# Supplied material:
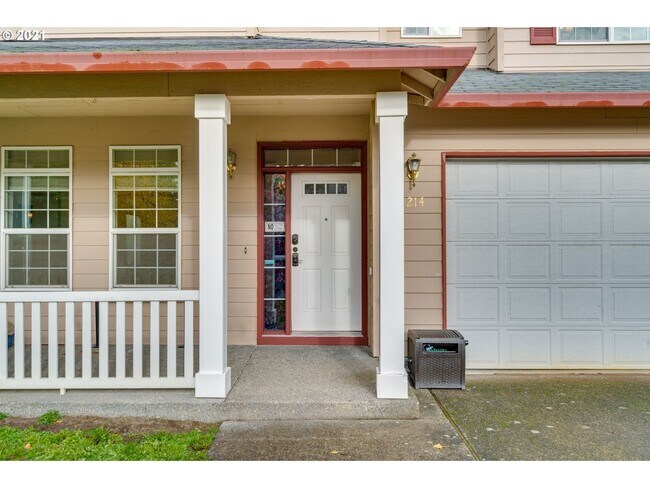 Building Photo - ***HALF MONTH RENT FREE***FANTASTIC 4 Bed 2.5 Bath Home in Salmon Creek! HUGE side yard and back ...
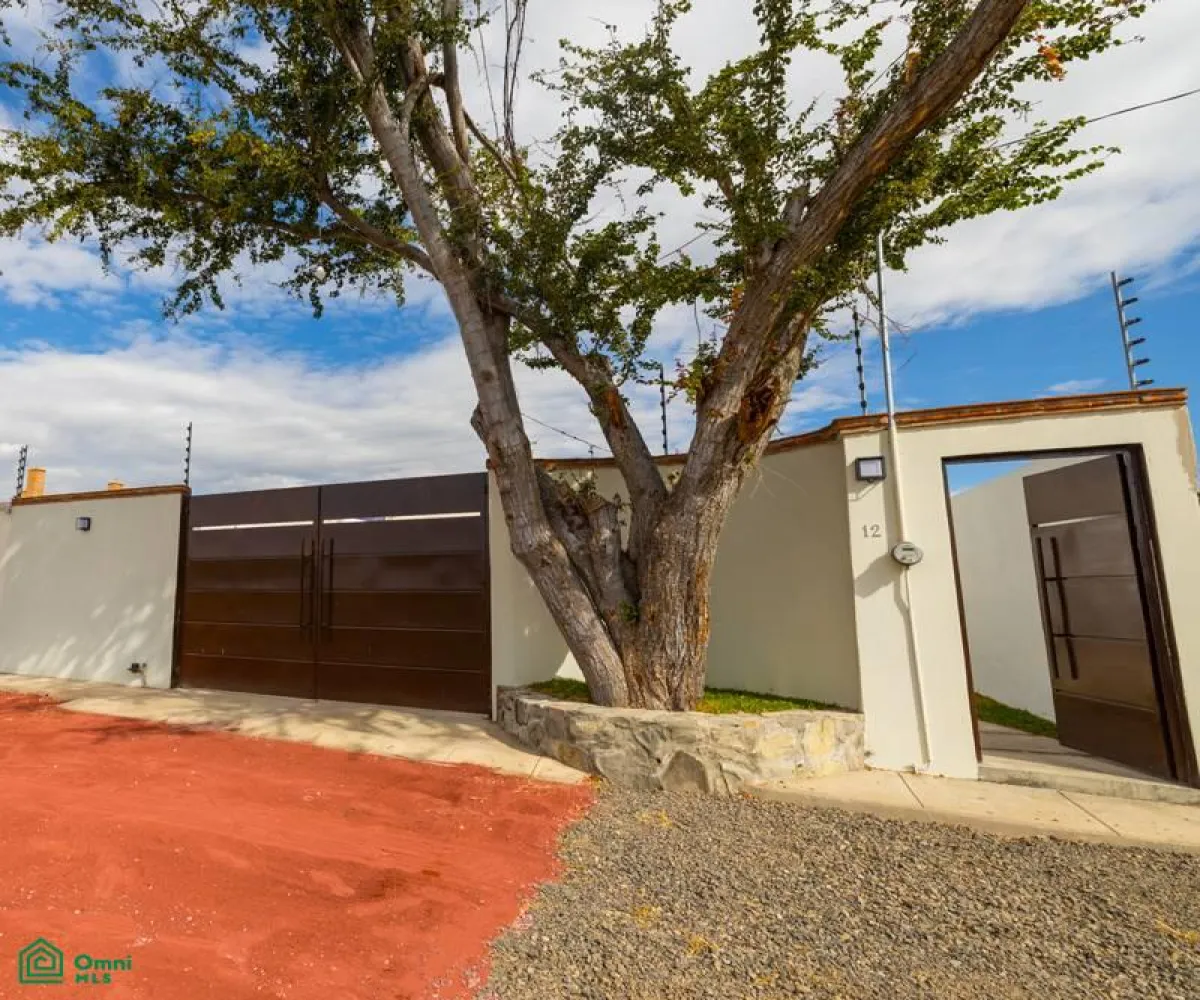 Casa En Venta,San Nicolás de Ibarra,Calle Zalate 12, Chapala, Jalisco 45940, 2 Habitaciones,2 Baños,Calle Zalate,1,MX25964937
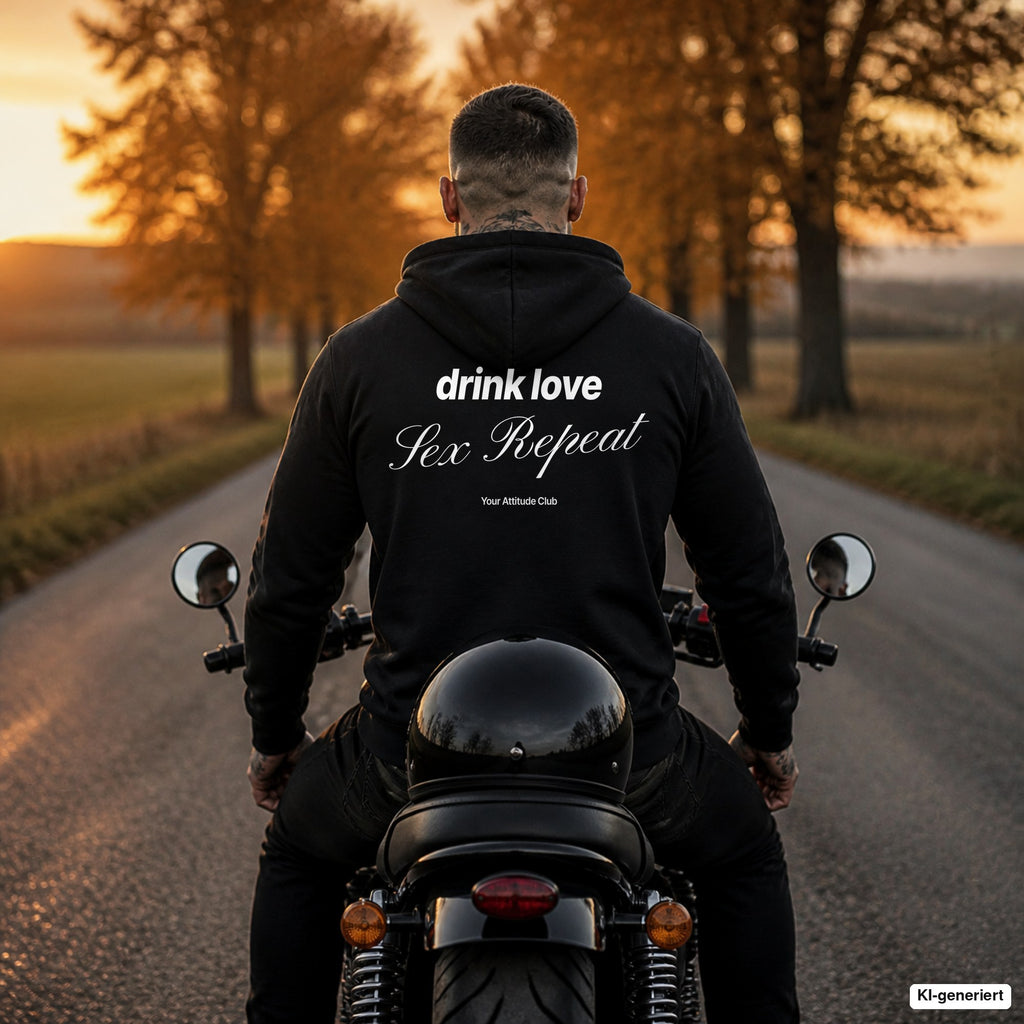 Drink Love Sex Repeat – schwarzer Hoodie mit weißem Backprint, Herren auf dem Motorrad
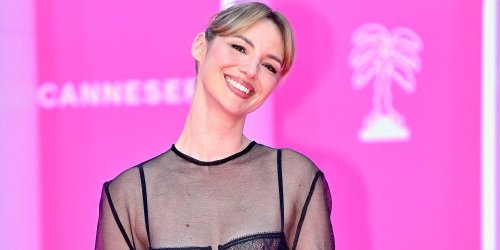 Louise Bourgoin relance la tendance de la robe transparente à quelques jours du Festival de Cannes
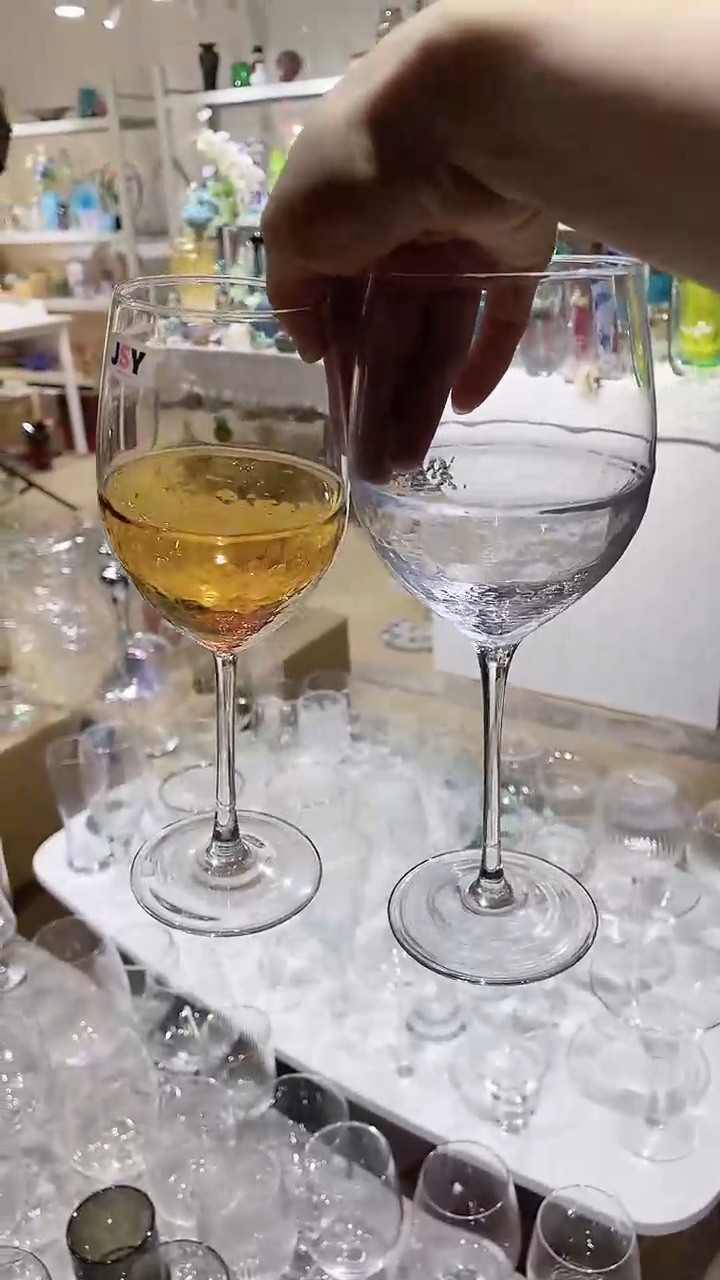 【闪购商品】水晶玻璃2支锤纹底光面上半部红酒杯原色不同色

# Work instructions:
Reproduce the data above word for word and omit the images.

# Completed exercise:
 Building Photo - ***HALF MONTH RENT FREE***FANTASTIC 4 Bed 2.5 Bath Home in Salmon Creek! HUGE side yard and back ...
 Casa En Venta,San Nicolás de Ibarra,Calle Zalate 12, Chapala, Jalisco 45940, 2 Habitaciones,2 Baños,Calle Zalate,1,MX25964937
 Drink Love Sex Repeat – schwarzer Hoodie mit weißem Backprint, Herren auf dem Motorrad
 Louise Bourgoin relance la tendance de la robe transparente à quelques jours du Festival de Cannes
 【闪购商品】水晶玻璃2支锤纹底光面上半部红酒杯原色不同色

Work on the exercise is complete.